2
votes

TL;DR is it possible to suppress individual Spark logging messages without clobbering all logging?

I'm running a Spark Streaming job on EMR, and getting logging messages like:

17/08/17 21:09:00 INFO TaskSetManager: Finished task 101.0 in stage 5259.0 (TID 315581) in 17 ms on ip-172-31-37-216.ec2.internal (107/120) 17/08/17 21:09:00 INFO MapPartitionsRDD: Removing RDD 31559 from persistence list 17/08/17 21:09:00 INFO DAGScheduler: Job 2629 finished: foreachPartition at StreamingSparkJob.scala:52, took 0.080085 s 17/08/17 21:09:00 INFO DAGScheduler: ResultStage 5259 (foreachPartition at StreamingSparkJob.scala:52) finished in 0.077 s 17/08/17 21:09:00 INFO JobScheduler: Total delay: 0.178 s for time 1503004140000 ms (execution: 0.084 s)

None of which is helpful, at this stage of development, and which masks real logging that is emitted deliberately by my application. I would like to stop Spark from emitting these log messages, or to suppress their recording.

AWS Customer Support, and various answers (e.g.) suggest that this can be achieved by passing some JSON configuration on cluster creation. However, since this is a streaming job (for which the cluster would, ideally, remain up forever and just get redeployed-to), I'd like to find some way to configure this via spark-submit options.

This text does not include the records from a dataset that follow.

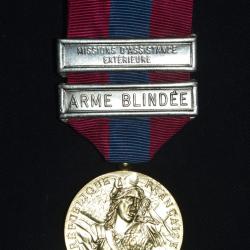 MEDAILLE DEFENSE NATIONALE-AGRAFES MISSION D'ASSISTANCE EXTERIEURE-ARME BLINDEE-BRONZE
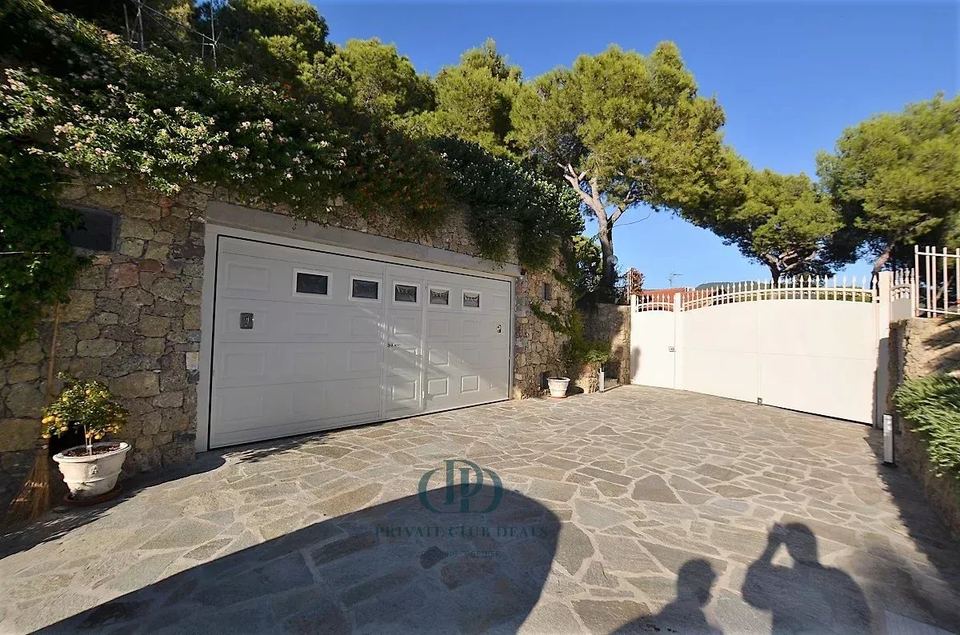 Stunning villa with sea views — 5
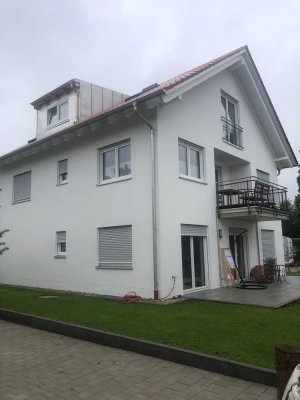 Schöne 2-Zimmerwohnung in Zweifamilienhaus
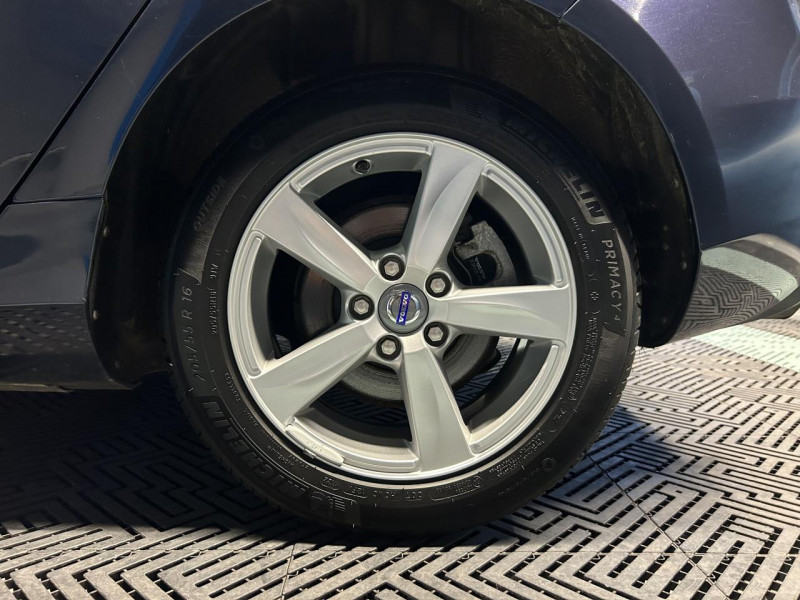 Photo 22 de l'offre de VOLVO V40 II T3 150 Start&Stop Kinetic à 10490€ chez MKP Distribution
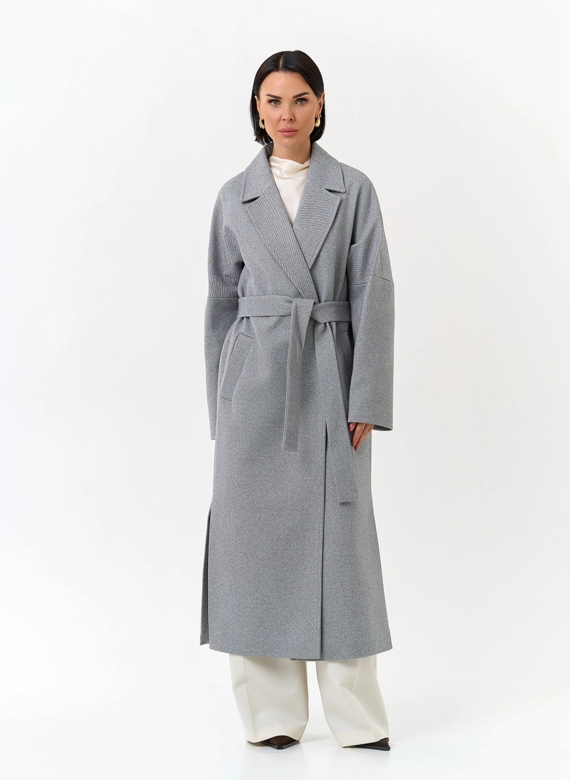 Женское пальто с английским воротником фото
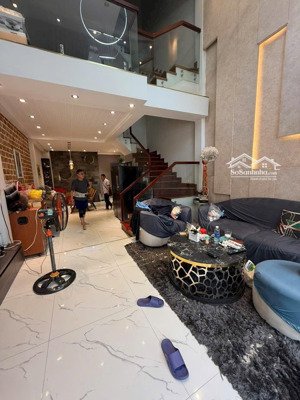 nhà đẹp lê đức thọ p15 giá: 8 tỷ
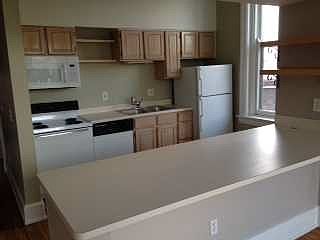 2nd image of 204 W 8th St APT 25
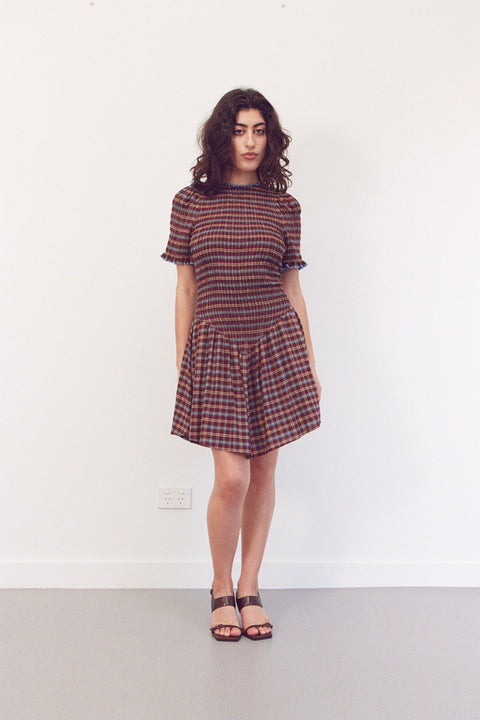 Mikaela is 5'3" and wears XS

Other responses (e.g., e.g.) suggest that this can be done by submitting a log4j.properties file which sets log4j.rootCategory=WARN, <appender>. However, this link suggests that rootCategory is the same thing as rootLogger, so I would interpret this as limiting all logging (not just Spark's) to WARN - and, indeed, when I deployed a change doing this, that was what was observed.

I note that the final paragraph of here says "Spark uses log4j for logging. You can configure it by adding a log4j.properties file in the conf directory. One way to start is to copy the existing log4j.properties.template located there.". I'm about to experiment with this to see whether this will suppress the INFO logs that fill up our logging. However, this is still not an ideal solution, because there are some INFO logs that Spark emits that are useful - for instance, when it records the number of files that were picked up (from S3) by each streaming iteration. So, what I'd ideally like would be one of:

  • Configuration flags that can be switched to disable specific classes of Spark's logging messages, without suppressing all INFO logs
  • A "suppress all logging that matches this regex" option, which we can update as appropriate to filter out the messages that we're not interested in

Do either of these exist?

(To address a possible response - I'm loath to only emit logs from my own application at WARN and above)

1

1 Answers

2
votes

you could control logs by logger namesparce from log4j.properties, here is an example:

log4j.rootLogger=WARN, console
# add a ConsoleAppender to the logger stdout to write to the console
log4j.appender.console=org.apache.log4j.ConsoleAppender
log4j.appender.console.target=System.out
log4j.appender.console.layout=org.apache.log4j.PatternLayout
# use a simple message format
log4j.appender.console.layout.ConversionPattern=%d{yyyy-MM-dd HH:mm:ss} %-5p %c{1}:%L - %m%n
# set the log level for these components
log4j.logger.org.apache.spark=WARN
log4j.logger.org.spark-project=ERROR
log4j.logger.org.apache.hadoop=ERROR
log4j.logger.io.netty=ERROR
log4j.logger.org.apache.zookeeper=ERROR